De heer Koopmans (CDA): Voorzitter. Ik ga graag met mevrouw Wiegman deze motie verbeteren en aanpunten zodat het voor de betreffende regio nog beter wordt.

De heer Paulus Jansen (SP): Gebruikt u dan niet het woord «calamiteiten».

Staatssecretaris Atsma: «Bijzondere omstandigheden».

De voorzitter: Ik concludeer dat de motie op stuk nr. 3 wordt aangepast.

De heer Samsom (PvdA): Het valt mij op dat er een mild oordeel wordt gegeven over een motie waarin staat: «overwegende dat SWUNG I geen antwoord geeft op deze problemen en dus ook geen oplossing biedt».

De heer Koopmans (CDA): Ik maak daarvan: «geen volledig antwoord» en «geen volledige oplossing». Ik had al na de interruptie van de heer Jansen aangegeven dat ik dat punt wijzigde.

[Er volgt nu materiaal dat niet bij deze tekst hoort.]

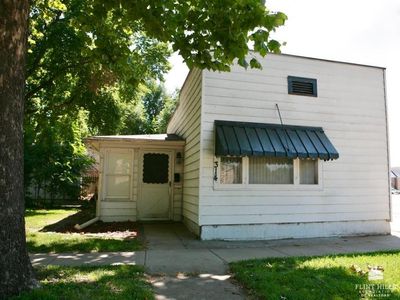 314 N 6th St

De heer Samsom (PvdA): De beste manier om wel volledig antwoord te geven is om voor een aantal amendementen in SWUNG I te stemmen. Uiteindelijk gaat deze wetgeving over de problemen die onder andere op de IJssellijn en de Twentelijn kunnen ontstaan. Als het hier niet geregeld wordt, dan wordt het niet geregeld, tenzij wij het een beetje bij elkaar op gaan tellen. Hier maken wij de wetgeving die regelt of mensen langs de IJssellijn en de Twentelijn al dan niet een probleem krijgen.

De voorzitter: Ik vraag de staatssecretaris om wat afrondend te concluderen.

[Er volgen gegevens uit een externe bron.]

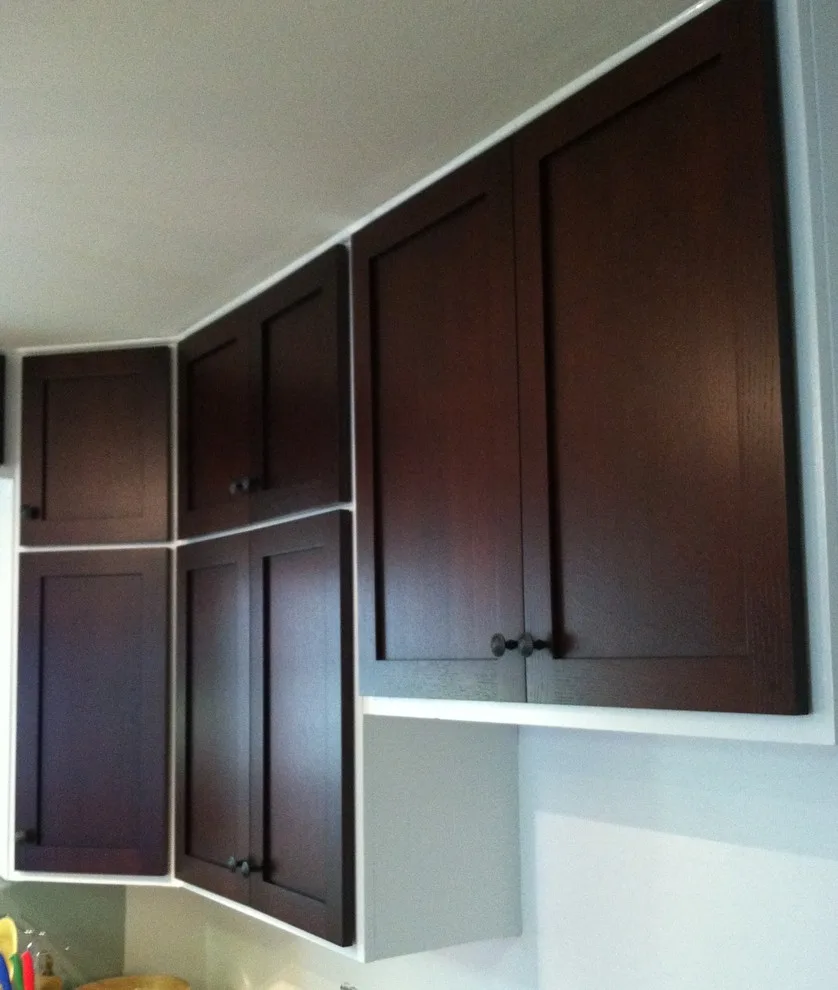 Quarter Sawn Oak on White by Kitchen Solvers Of Madison - Photo 3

Staatssecretaris Atsma: Dit was zo ongeveer de finale richting de heer Koopmans waarbij ik zelf al voor een voorzichtige formulering koos. Ik zei: SWUNG I regelt het in principe. Ik heb dat ook tegen de heer Samsom een- en andermaal gezegd. Ik zeg daar tegelijkertijd bij dat de regio er heel direct bij betrokken is. Ik heb geen enkel Kamerlid horen zeggen dat deze specifieke lijn niet onder de aandacht moet worden gebracht van eenieder. Ik heb alleen maar proberen te onderstrepen dat dat belangrijk is.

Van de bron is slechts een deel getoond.